Within minutes, it becomes clear why projects like this attract people who can afford them, and move out of the realm of conventional value for money. They are about extreme rarity, extreme quality, tiny design refinement done exactly your way and about a car that will perfectly suit your dimensions and colour/ trim preferences – all of it realised by some of the best people in the business. Perini explains the car’s key advantages: it undercuts competitors by around 150kg, so a performance advantage can be delivered without any engine changes, although he does admit to re-engineering the already magnificent exhaust note just a bit.
The body, love it or hate it, is a masterpiece of detailed design in carbonfibre. Two large clamshells, front and rear, cover most of the car’s structure and deliver important weight savings. The roof is lowered by 50mm, but for homologation reasons the essential structure isn’t disturbed. Perini’s policy is to give the car a sculptural Italian character above the waist, and to shape it below the belt line for best aerodynamic performance, developed using a specially built, not-for-sale mule.
Using a series of full-sized images, we examine the Zerouno’s details: the deep windscreen, the “stretched hexagon” frontal air scoop (that splits airflow over the bonnet into a liftkilling Y-shape) and even a tiny slot, barely visible to the naked eye, that cuts nose lift and smooths airflow over the roof. The chance to discuss such minutiae with the car’s creator – and have him react to your comments – is what the owner is paying for.
At the rear, there’s a giant diffuser and a beautifully sculpted and finished set of rear louvres – in exposed carbonfibre – that would theoretically keep the car stable at top speed without a separate rear wing. But knowing most owners prefer wings, Perini has designed one with a handsome racing character. The tail-lights ‘float’ in an open expanse, designed to let heat out.

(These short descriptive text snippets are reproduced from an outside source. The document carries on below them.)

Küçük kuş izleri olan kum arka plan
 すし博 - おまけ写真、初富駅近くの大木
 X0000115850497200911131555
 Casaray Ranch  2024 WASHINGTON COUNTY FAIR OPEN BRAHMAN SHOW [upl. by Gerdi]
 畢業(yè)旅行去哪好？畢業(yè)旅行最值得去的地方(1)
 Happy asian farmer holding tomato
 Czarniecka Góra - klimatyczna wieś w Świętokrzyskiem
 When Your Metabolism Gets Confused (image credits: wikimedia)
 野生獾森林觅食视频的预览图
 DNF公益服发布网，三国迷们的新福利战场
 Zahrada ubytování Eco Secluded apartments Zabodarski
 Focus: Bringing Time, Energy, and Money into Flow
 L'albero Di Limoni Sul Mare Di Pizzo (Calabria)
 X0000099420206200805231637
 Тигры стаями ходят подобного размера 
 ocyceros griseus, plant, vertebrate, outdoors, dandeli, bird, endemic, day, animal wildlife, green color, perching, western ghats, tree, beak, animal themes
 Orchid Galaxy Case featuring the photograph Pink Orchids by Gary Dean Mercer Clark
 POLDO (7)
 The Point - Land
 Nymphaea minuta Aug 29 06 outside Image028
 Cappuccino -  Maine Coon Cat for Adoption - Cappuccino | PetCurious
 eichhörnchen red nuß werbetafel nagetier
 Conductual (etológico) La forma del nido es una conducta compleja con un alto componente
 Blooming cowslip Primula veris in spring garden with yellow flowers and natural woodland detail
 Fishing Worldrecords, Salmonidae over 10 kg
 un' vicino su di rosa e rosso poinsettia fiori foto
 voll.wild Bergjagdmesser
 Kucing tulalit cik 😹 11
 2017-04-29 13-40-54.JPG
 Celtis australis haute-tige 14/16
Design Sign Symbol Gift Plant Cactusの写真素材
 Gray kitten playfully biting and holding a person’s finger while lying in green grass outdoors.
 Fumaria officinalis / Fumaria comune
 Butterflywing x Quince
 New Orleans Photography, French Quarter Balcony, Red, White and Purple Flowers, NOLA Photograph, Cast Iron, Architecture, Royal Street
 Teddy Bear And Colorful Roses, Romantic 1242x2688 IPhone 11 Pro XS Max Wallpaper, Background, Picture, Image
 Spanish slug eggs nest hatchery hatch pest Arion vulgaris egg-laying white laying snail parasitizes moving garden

In fact, every vent has a very specific purpose. Perini is especially proud of a NACA duct behind the roof that scoops cooling air into the engine bay at speed but also reverses flow when the car is stationary to exhaust hot air. The car rolls on uniquely designed 21in alloy wheels with neat carbonfibre rotors inset to extract high-pressure air from the wheel arches at speed. The tyres are new-design Pirellis distinguished by a red line on their sidewalls.
The Zerouno’s detail and quality are redolent of the finest old-style coachbuilders and quite different from cars that sell from showrooms. I find the whole thing mesmerising, but too soon it’s time to go.
On my way out of the building, I ask Perini why there isn’t more of an air of panic here. Not long ago, these would have been desperation days, with people working all night and the car reaching the show stand with its paint still drying. “It’s different now,” he says. “The panic comes earlier, when all the surface data is delivered. When that’s done, everything about the car is fixed. At this stage, it’s all under control.”